Search this blog

27 March, 2011

Stable Cascaded Shadow Maps - Ideas

Stable CSM intro

A "stable" cascade is nothing else than a fixed projection of your entire world on a giant texture, of which we render a fixed window that fits around the projection of view frustum each frame, making sure that we always slide this fixed window by an integral number of texels each frame. 
As we have to be sure that the "window" will fit the frustum in all cases, to determine its size a way is to fit the frustum in a sphere and then size the window using the radius of such sphere.

Implementing CSM, especially on consoles is not that easy. For an open world game you'll notice that you need quite a lot of resolution to get decent results, and cascade rendering can become quickly a problem. On 360 from what I've seen, resolving big shadowmaps from EDRAM to the shared memory is very expensive too, so it becomes important to pack the shadowmaps aggressively. Some random "good" ideas are:
  • Render shadows to a deferred shadow buffer, enabling the possibility of rendering one cascade at a time. It also makes way easier to cross-fade cascades and possible rendering shadows at half-res (that is a good idea... upsampling with bilateral filtering or similar). It's possible to use hi-stencil and hi-z (on ps3, also depth range) in various ways to accelerate this.
  • Tune cascade shadow filtering to try to match filter size across different resolutions (that's to say, filter less far cascades).
  • Shadow a pixel using the best cascade that contains that pixel, instead of relying of the frustum split planes (this makes a bit harder to fade between cascades, but not too much). Use scissors or clipping planes to avoid rendering stuff that is already rendered in previous cascades into more coarse ones. Microsoft has a pair of nice articles.
  • Compute light near-far planes to be tight around the frustum but avoid culling objects before the near plane (a.k.a. "pancake": clamp depth in the vertex shader, it's not a big deal as the projection is orthographic but it can screw self shadowing of such clipped objects, you need to give a bit of "buffer" space to the near plane). The downside is that you get more raster pressure as the hi-z will not reject the objects that are compressed on the near plane... you can solve that either by giving a small linear range for the pancaked objects or marking and using stencil/hi-stencil where they get drawn.
  • Cull small objects aggressively from distant cascades. Avoid rendering objects in far cascades if they were rendered completely in the previous ones.
  • Pack shadowmaps! Do not render things behind the frustum and maximize the area in front of it! This and this articles have some good ideas. You can also pack two shadowmaps into a two-channel 16-bit target if double-depth fill is not giving you a big speedup.
Still after doing all this, you might end needing more performance...

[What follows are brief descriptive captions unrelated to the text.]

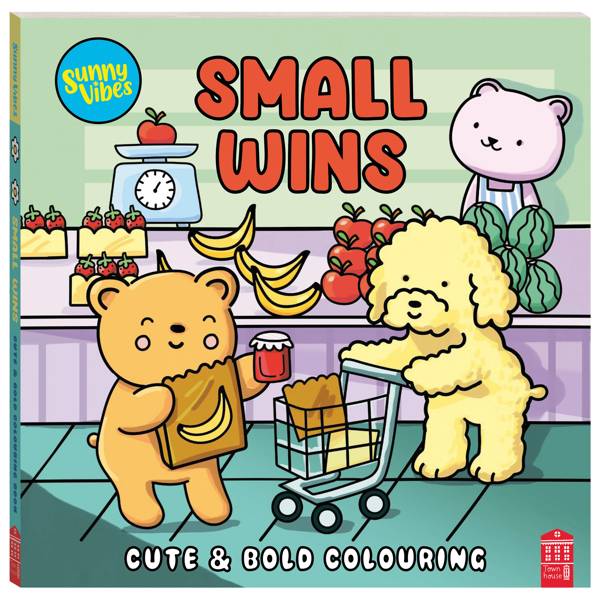 Sunny Vibes Small Wins Cute & Bold Colouring by Sam Jayne - Book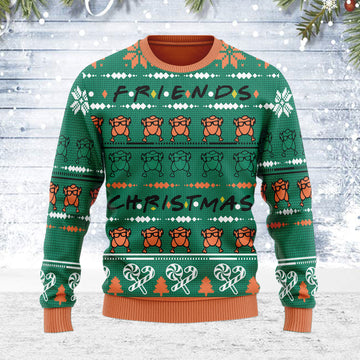Customspig Ugly Christmas Sweater Turkey Christmas 3D Apparel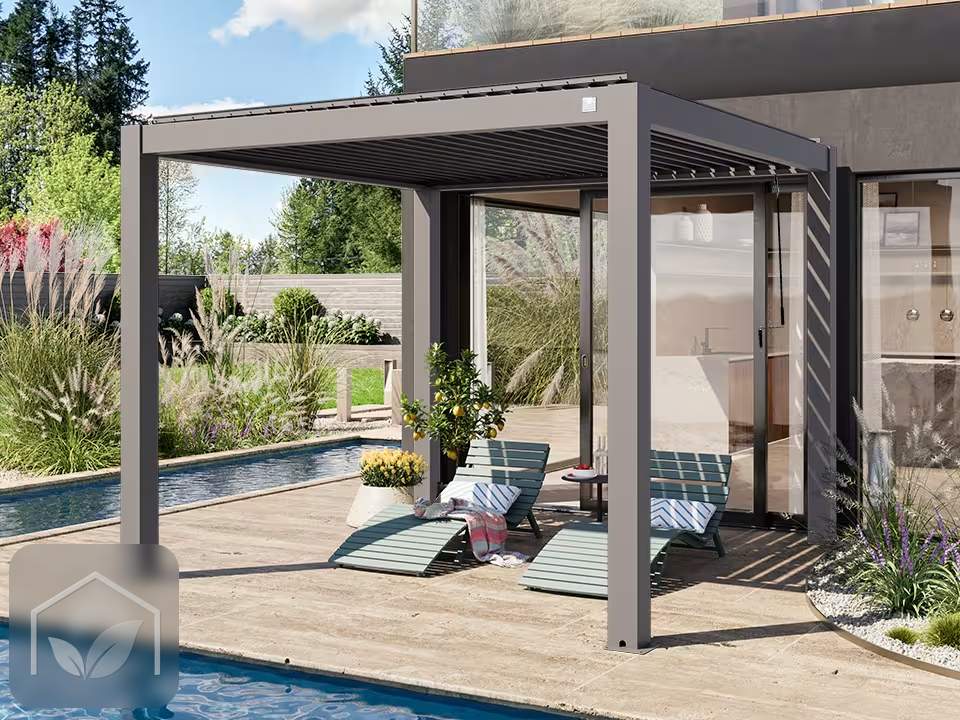 Pergola Bioclimatique Aluminium 3x3 m Deluxe — photo 2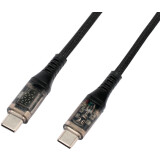 Кабель USB Type-C - USB Type-C, 1м, Cablexpert CCP-USB2-CMCM-SCR-1M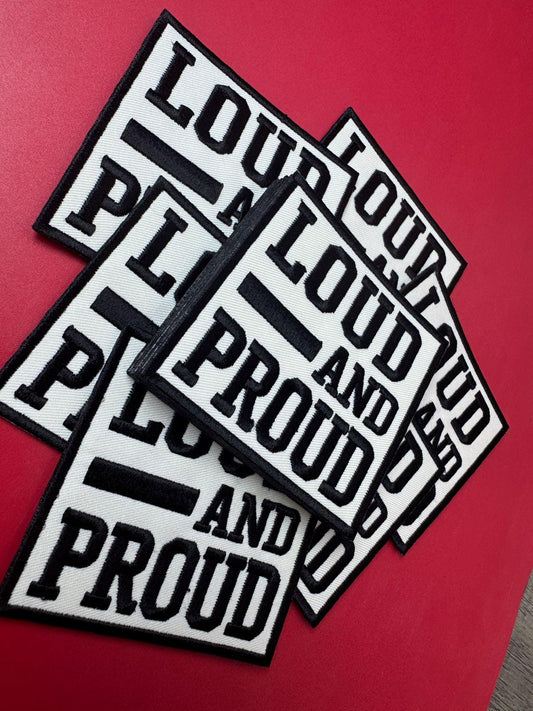 Loud and Proud Embroidery Patch: Game Day Iron-On Applique (15 pcs min)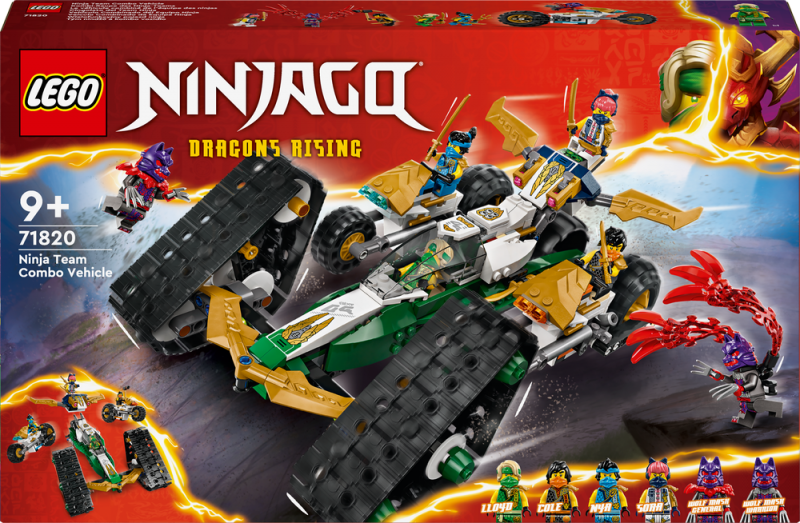LEGO® NINJAGO® 71820 Tým nindžů a kombo vozidlo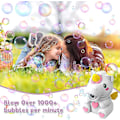 Miniatyrbild 2 av 5: Bubbelmaskin för Barn, Automatisk Bubbelblåsare Leksak för Pojke Flicka Småbarn, Enhörning Bärbar Bubbelblåsare med Bubbelvätska för Inomhus Utomhus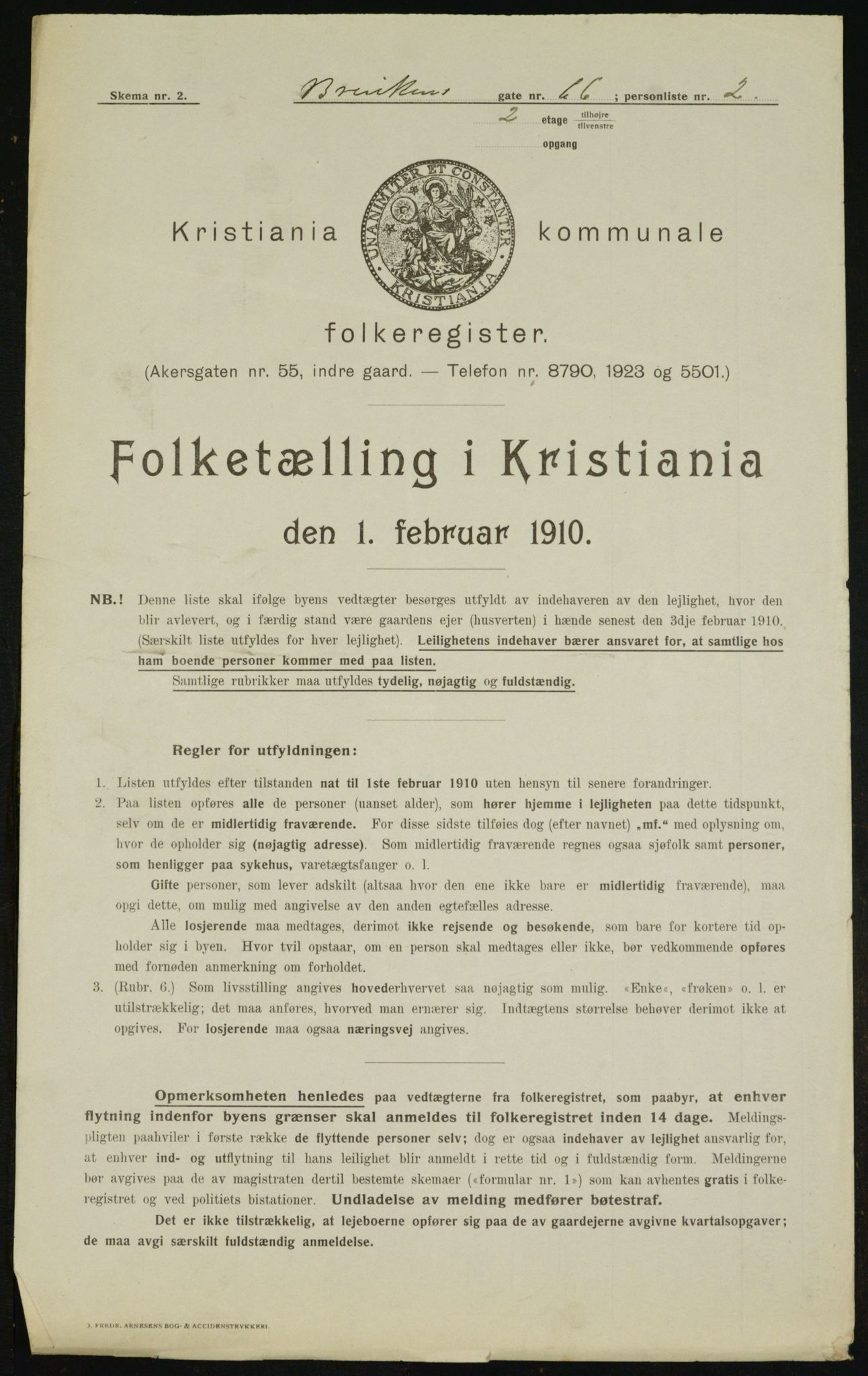 OBA, Municipal Census 1910 for Kristiania, 1910, p. 8802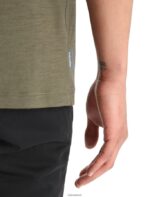 Icebreaker Men Merino Tech Lite II Short Sleeve T-Shirt Ski Stripes Z04NXR347 Clothing Loden - Image 5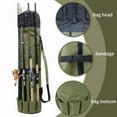 thumbnail image 6 of Fishing Rod Carrier Bag, Holds 5 Poles, 600D Cloth, Large Capacity, Adjustable Strap, for Travel Tackle Storage & Durable, 6 of 9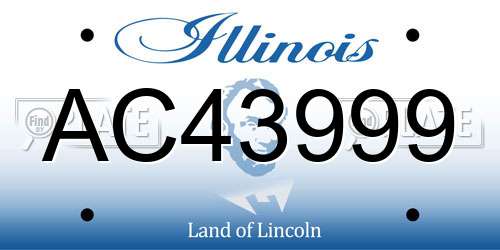 AC43999 Illinois License Plate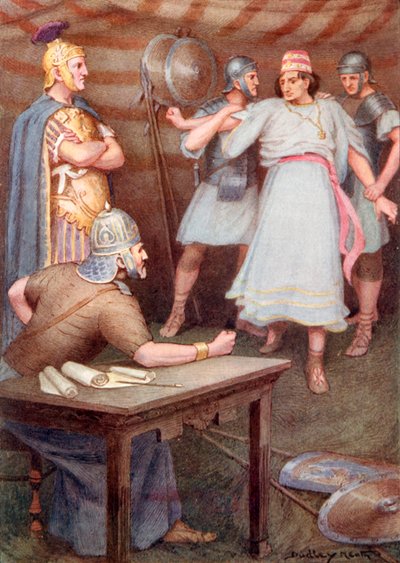 Jugurtha Came to the Tent of His Father-in-Law Unarmed by Dudley (after) Hardy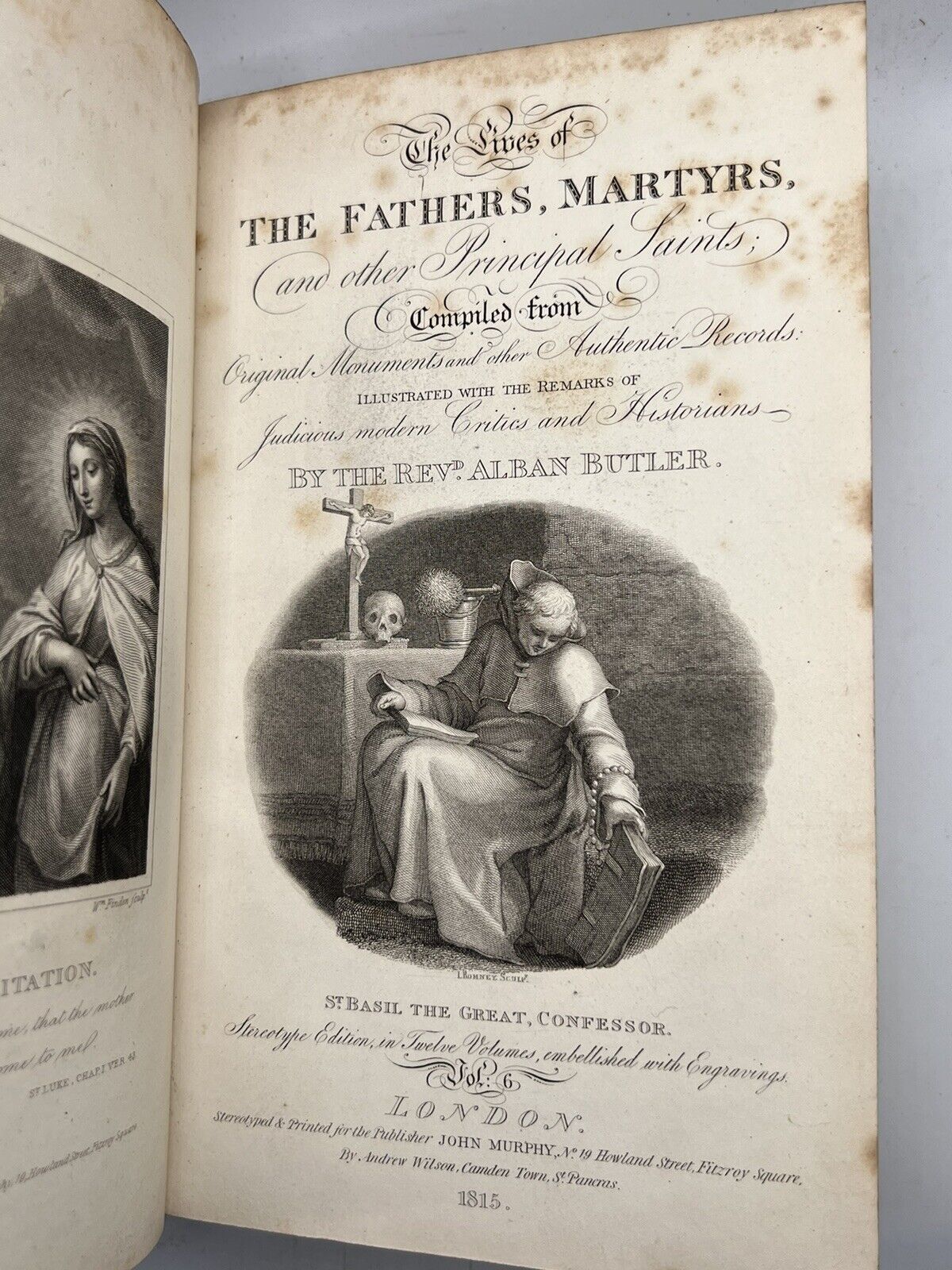 Butler's Lives of the Fathers, Martyrs, and Saints 1854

I'm playing Crysis 2. Nice game, starts a bit weak with a too forced story but it improves A LOT later on. Graphically is great as I'm sure you've all noticed, ok long story short, I still probably love Modern Warfare and Red Dead a bit more but it does not disappoint. Somewhat the art direction on Crysis 2 looks a bit "hyperrealistic" to me most of the times with very soft and exaggerated ambient fill, even more accentuated by the huge bloom. But well, technically is impressive and it is surely a good game.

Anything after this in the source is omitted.